Clara Weekes  (30 September 1852 – 12 April 1937) was an Australian schoolteacher, suffragist, labour leader, pacifist, and civil and women's rights activist.

Biography 
Born on 30 September 1852 in Bristol, England, Weekes immigrated to Australia with her parents when she was a child. She taught in Victoria's state-run public schools for over four decades, retiring in 1913. In 1910, she was profiled in The Weekly Times while teaching at Rathdowne Street State School, where she held the highest staff position a woman was allowed to occupy at the time. Weekes served on several Victoria Department of Education committees, including being one of only six women to help organize the 1906 State Schools Exhibition.

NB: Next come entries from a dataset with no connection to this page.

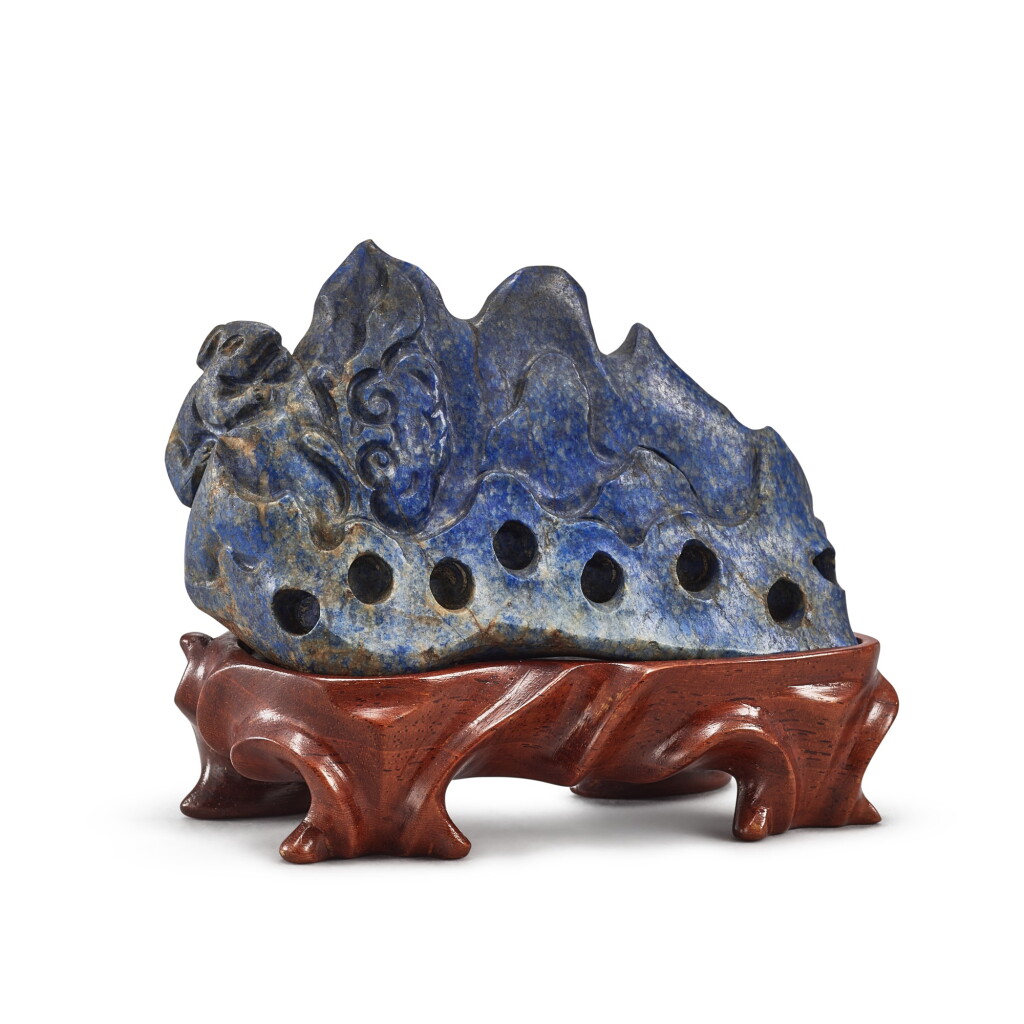 View full screen - View 1 of Lot 3007. A carved lapis lazuli 'rabbit and lingzhi' boulder, Qing dynasty, 19th century 清十九世紀 青金石瑞兔靈芝圖山子.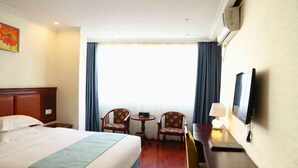 A hotel room with a bed, a desk, two chairs, a TV, and a window with curtains. - Xingyuexing Hotel (Zhuhai Gongbei Port) (Zhuhai)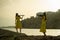 Two beautiful twin sisters violinists in yellow concert dresses are playing electric violins on sunset on rocks by the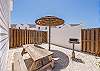 Back patio area with rocks and comfortable seating 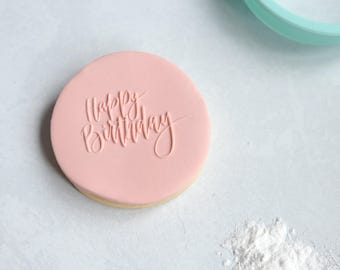 May include: A round cookie covered in smooth light pink fondant with the words Happy Birthday embossed in a cursive script font. A small pile of white powdered sugar sits nearby, and a light blue circular object is visible in the corner.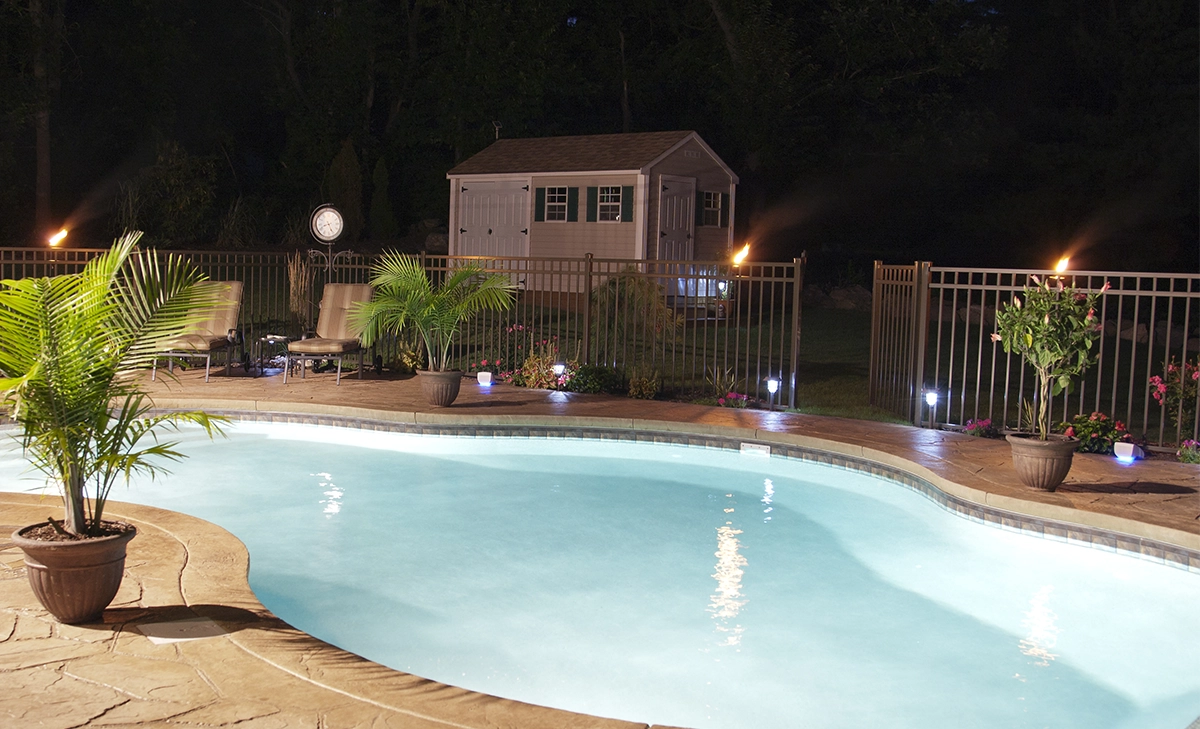 salt water pool in home backyard covered by aluminium fence, night view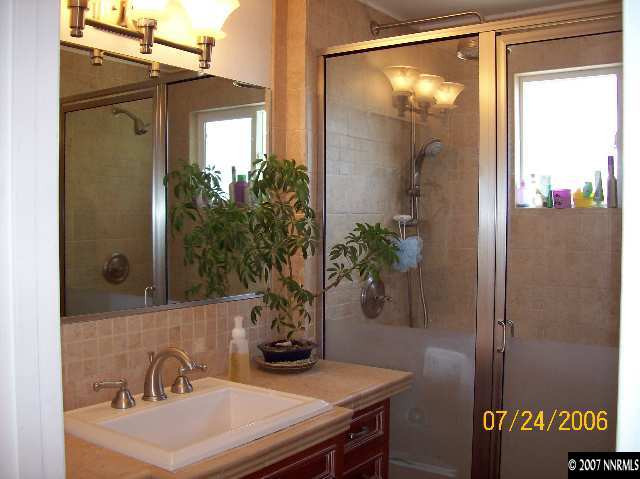 14475 Huron Trail Reno, NV 89521 - Photo 8 of 9 a bathroom with a sink a mirror and a shower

For many years, Weekes represented women teachers in the Teacher's Union, and as the head of the Victorian Lady Teacher's Association. She was a strong advocate for equal pay for women, working on behalf not only of teachers but also for women working in other fields. She was also a suffragist, and served on the executive committee for the Victorian Women's Suffrage Society. Weekes worked with Vida Goldstein in both the equal pay and suffrage campaigns.

Weekes was an active leader in other civic organizations as well. A temperance advocate, she was a long-time member of the Women's Christian Temperance Union.  A pacifist, she was a member of the Sisterhood of International Peace, which was formed in 1915. She publicly opposed the White Australia policy. 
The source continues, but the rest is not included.